Dataset section:
-*-*-

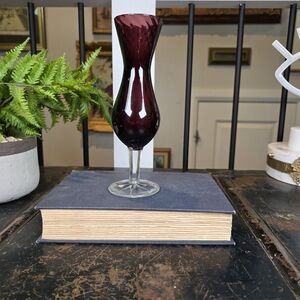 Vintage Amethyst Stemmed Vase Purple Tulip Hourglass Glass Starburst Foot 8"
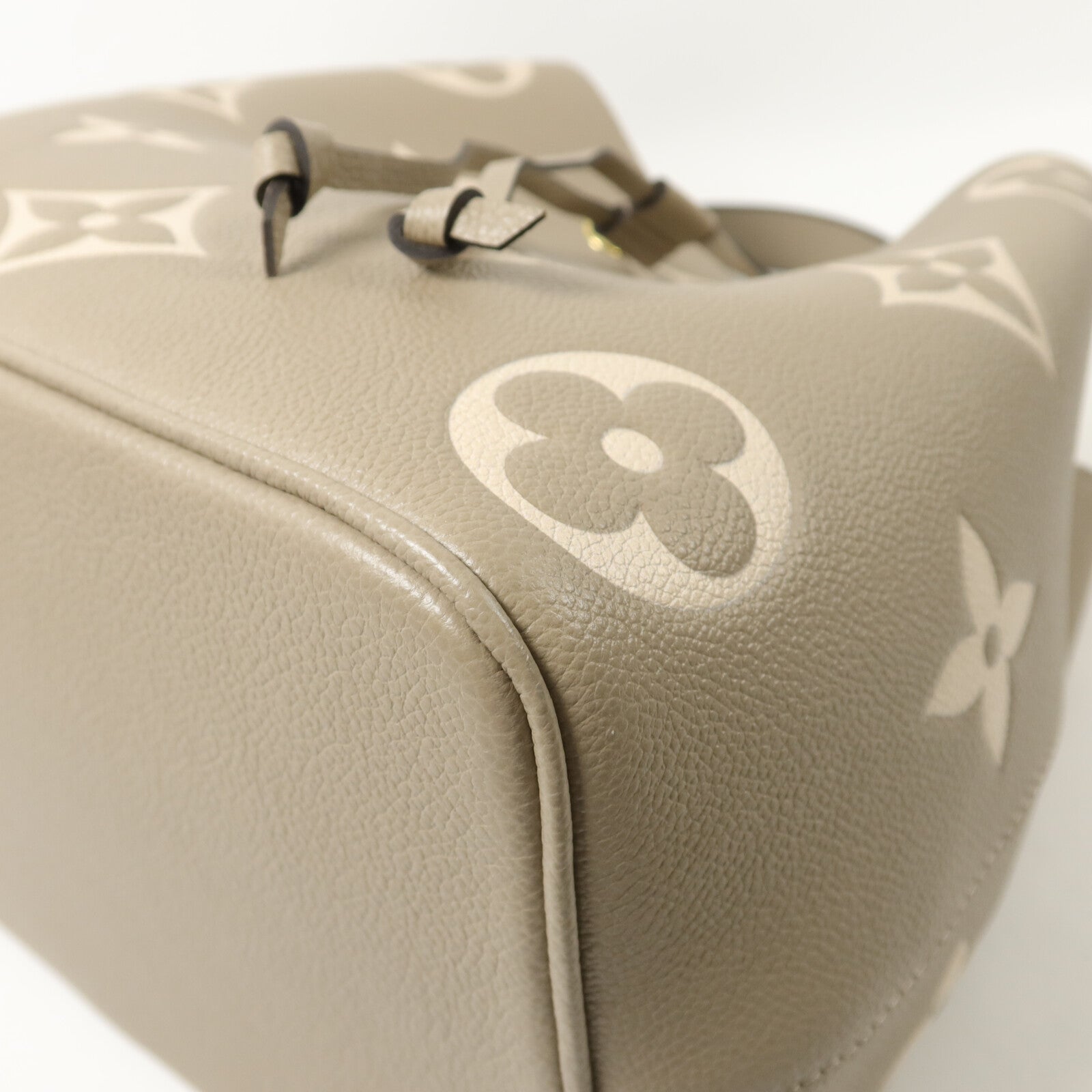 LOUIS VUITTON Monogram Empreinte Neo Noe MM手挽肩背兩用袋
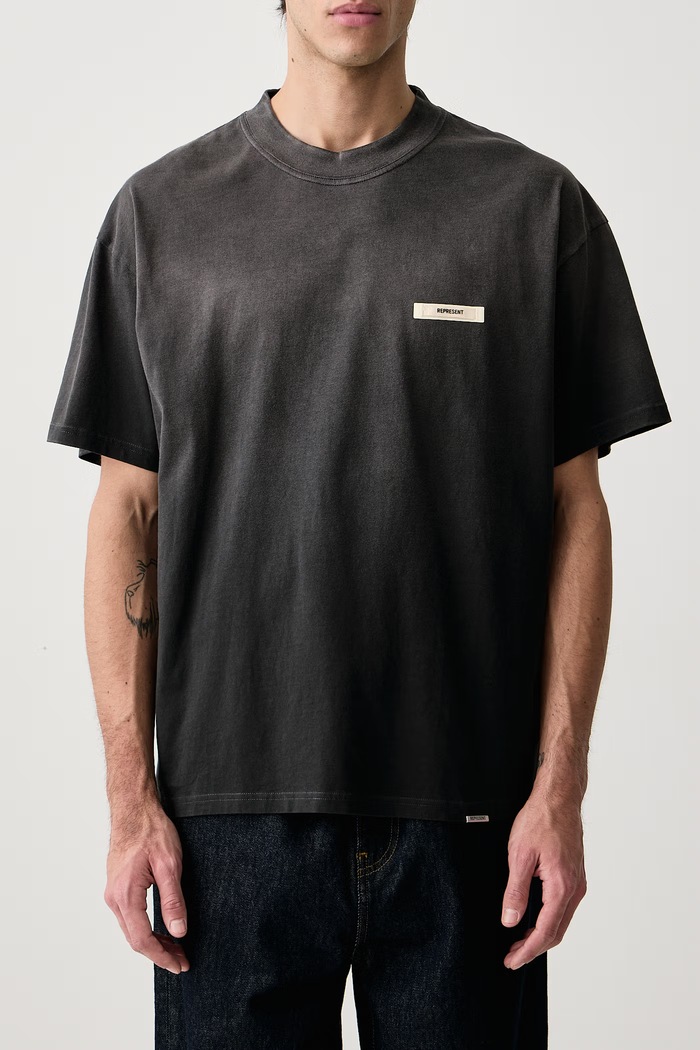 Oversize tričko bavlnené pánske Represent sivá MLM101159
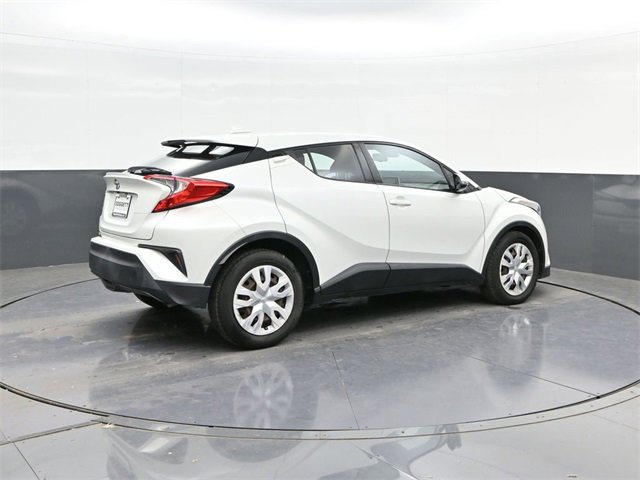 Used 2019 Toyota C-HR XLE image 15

-*-*-

Try it:
Retype the listing above exactly as it appears, omitting the pictures.

Answer to the problem:
 Vintage Amethyst Stemmed Vase Purple Tulip Hourglass Glass Starburst Foot 8"
 LOUIS VUITTON Monogram Empreinte Neo Noe MM手挽肩背兩用袋
 Oversize tričko bavlnené pánske Represent sivá MLM101159
 Used 2019 Toyota C-HR XLE image 15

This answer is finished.